En verdad necesitamos, hoy más que nunca, cuidar de este «Cuerpo de Cristo» herido por innumerables violencias, más pesadas si proceden de aquellos que forman parte de ella. No hay cabida para razonamientos retorcidos y moralistas, de la misma manera que Jesús rechazó inmediatamente el razonamiento hipócrita de Judas.

Es fundamental para los cristianos comprender que la Iglesia en el mundo, tal como fue querida y entendida por Cristo y nos fue legada por los apóstoles, es el auténtico «sacramento o signo e instrumento de la unión íntima con Dios y de la unidad de todo el género humano» (Lumen Gentium 1). Es necesario devolver a este Cuerpo su plenitud sobrenatural, frente a los muchos intentos de encerrarlo simplemente en una perspectiva sociológica y horizontal sin futuro.

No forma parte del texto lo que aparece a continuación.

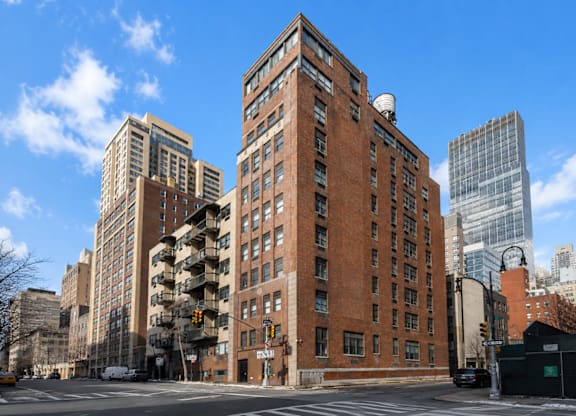 A large red brick building is in the middle of a city street.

De hecho, la sacramentalidad de la Iglesia toca su más íntima y profunda naturaleza, es decir, la conciencia que tiene de sí misma, infundida por Cristo, que la hace, no una mera organización humana, sino un don de Dios para el género humano con una misión espiritual y moral, para que sea, al mismo tiempo, instrumento de paz y de unión entre los pueblos, sin cálculos ideológicos, políticos o militares.

Ser Iglesia significa pues participar en la misión salvífica y de alabanza a Dios por parte de Jesucristo y estar al servicio del hombre, más aún en tiempos de incertidumbre, cambios sociales y desequilibrios que violan, no pocas veces, la dignidad, la libertad y la propia persona humana.